PROBLEM:
Print the listing below only from the line that has "Cream & Gold" through the line that has "Anthony Rubio with", exactly, and drop any picture.

RECORDS FOR THE TASK:
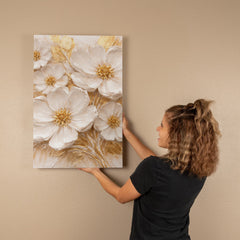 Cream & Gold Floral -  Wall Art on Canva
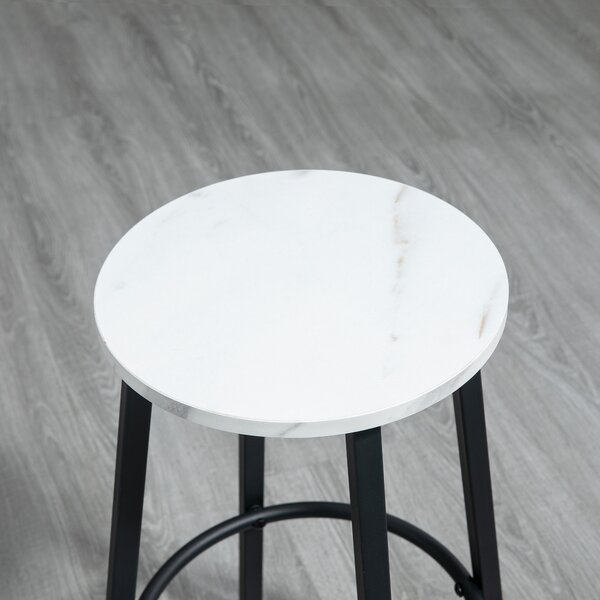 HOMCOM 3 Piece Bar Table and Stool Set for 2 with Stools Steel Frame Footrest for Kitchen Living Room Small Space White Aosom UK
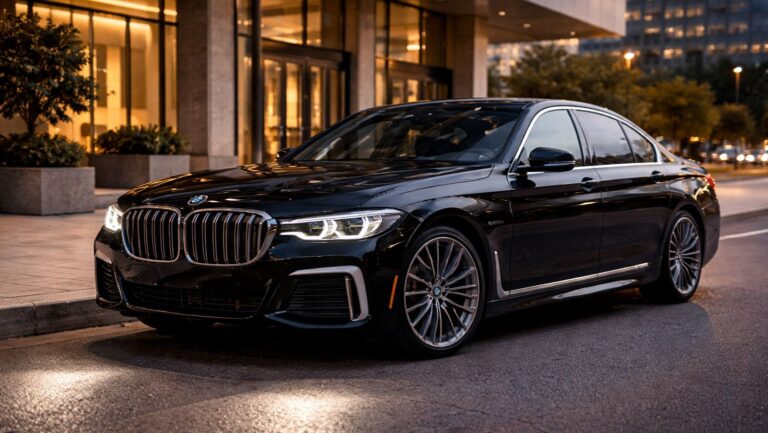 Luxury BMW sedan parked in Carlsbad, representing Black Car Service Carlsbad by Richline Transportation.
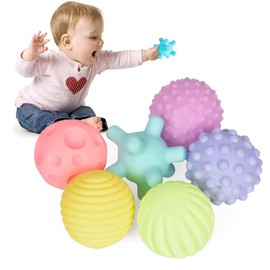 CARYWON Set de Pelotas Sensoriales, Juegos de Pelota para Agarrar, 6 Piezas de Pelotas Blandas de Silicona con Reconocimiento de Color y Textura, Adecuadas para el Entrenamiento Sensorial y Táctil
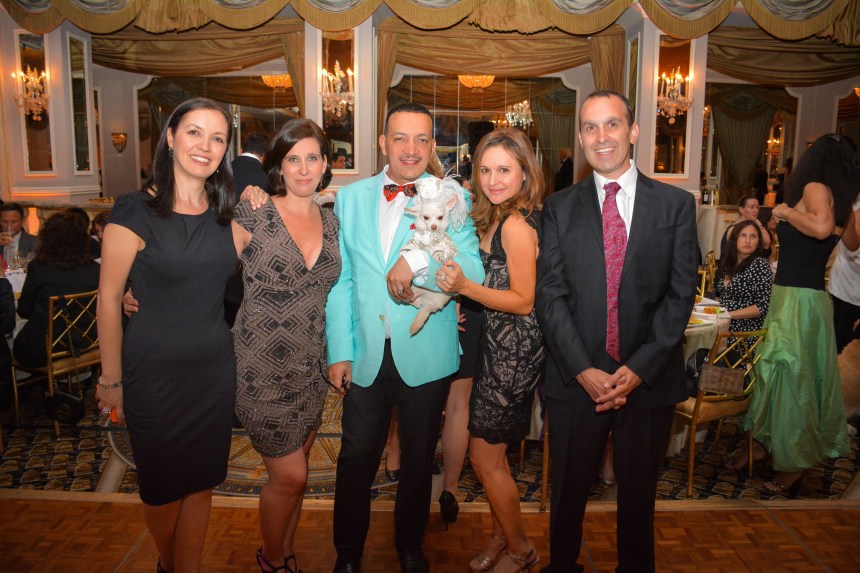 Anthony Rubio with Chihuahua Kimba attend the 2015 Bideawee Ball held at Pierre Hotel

==

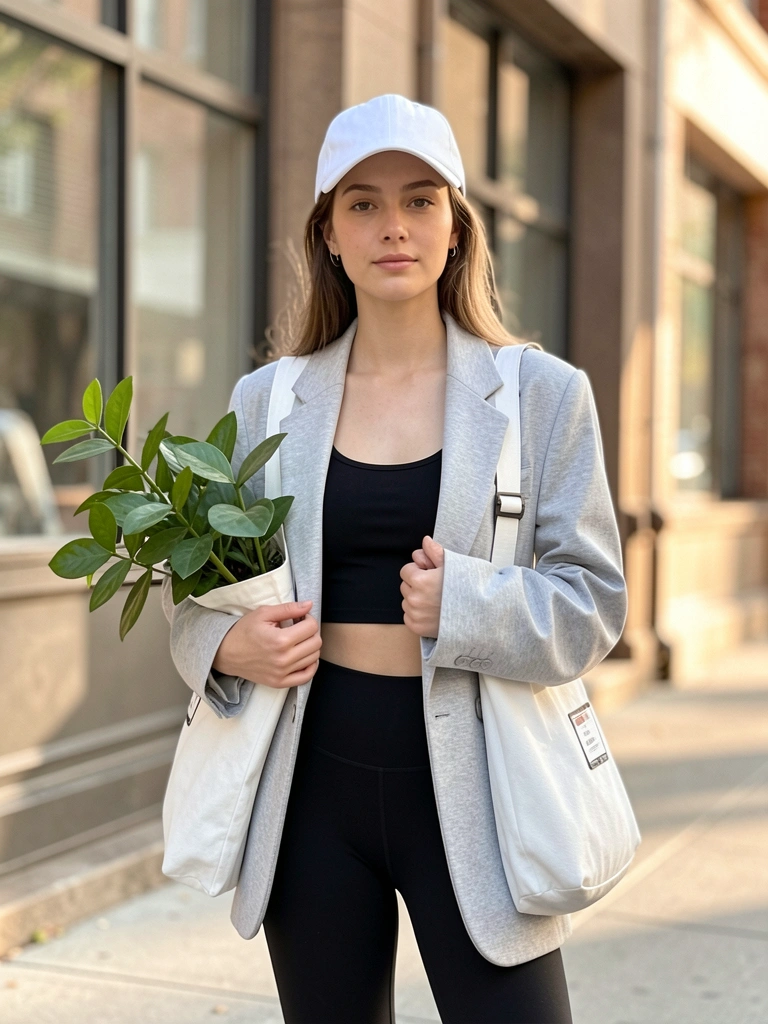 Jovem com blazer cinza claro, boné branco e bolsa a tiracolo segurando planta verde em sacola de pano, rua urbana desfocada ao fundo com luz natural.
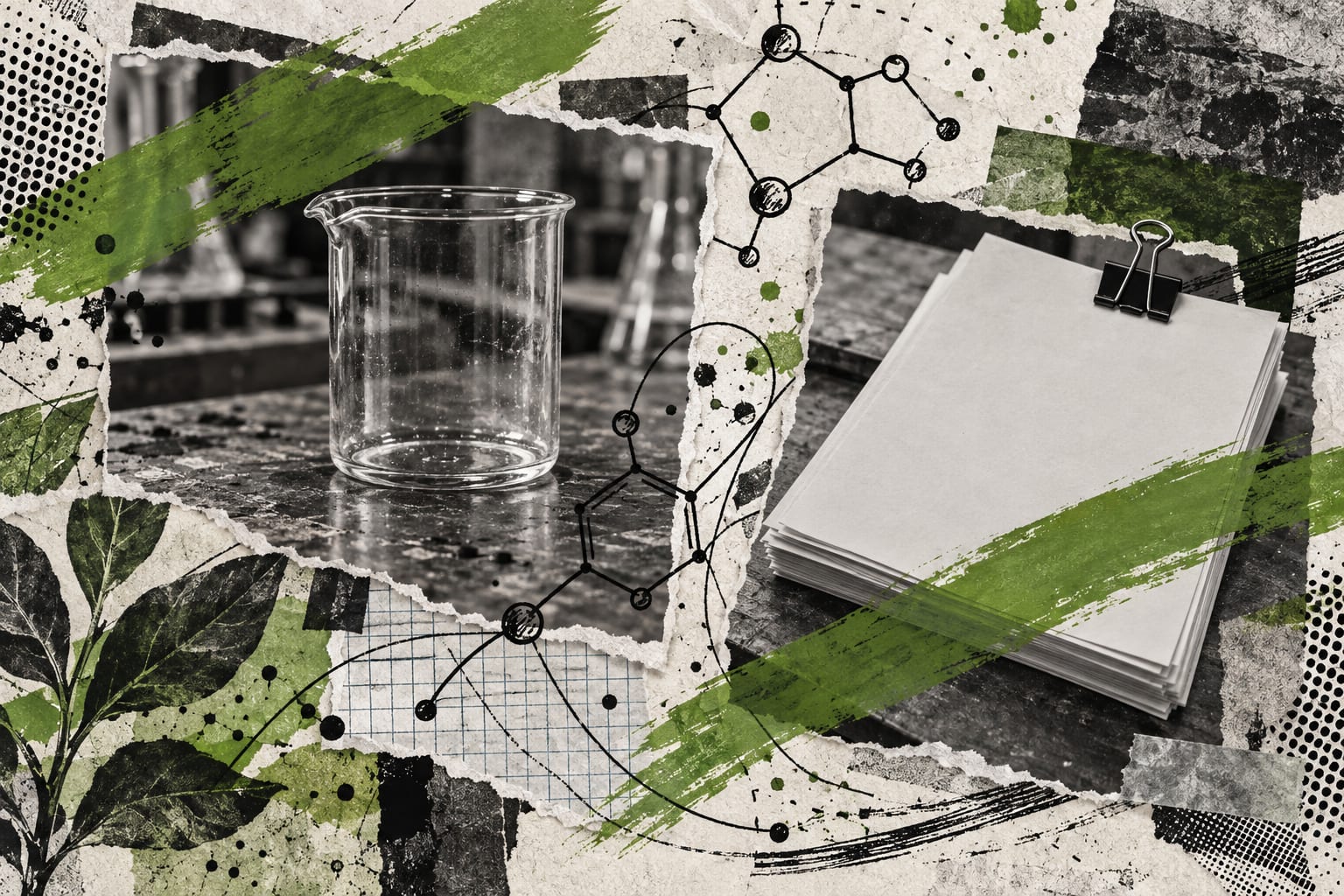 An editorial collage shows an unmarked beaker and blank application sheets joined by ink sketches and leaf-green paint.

EXERCISE SOLUTION:
 Cream & Gold Floral -  Wall Art on Canva
 HOMCOM 3 Piece Bar Table and Stool Set for 2 with Stools Steel Frame Footrest for Kitchen Living Room Small Space White Aosom UK
 Luxury BMW sedan parked in Carlsbad, representing Black Car Service Carlsbad by Richline Transportation.
 CARYWON Set de Pelotas Sensoriales, Juegos de Pelota para Agarrar, 6 Piezas de Pelotas Blandas de Silicona con Reconocimiento de Color y Textura, Adecuadas para el Entrenamiento Sensorial y Táctil
 Anthony Rubio with Chihuahua Kimba attend the 2015 Bideawee Ball held at Pierre Hotel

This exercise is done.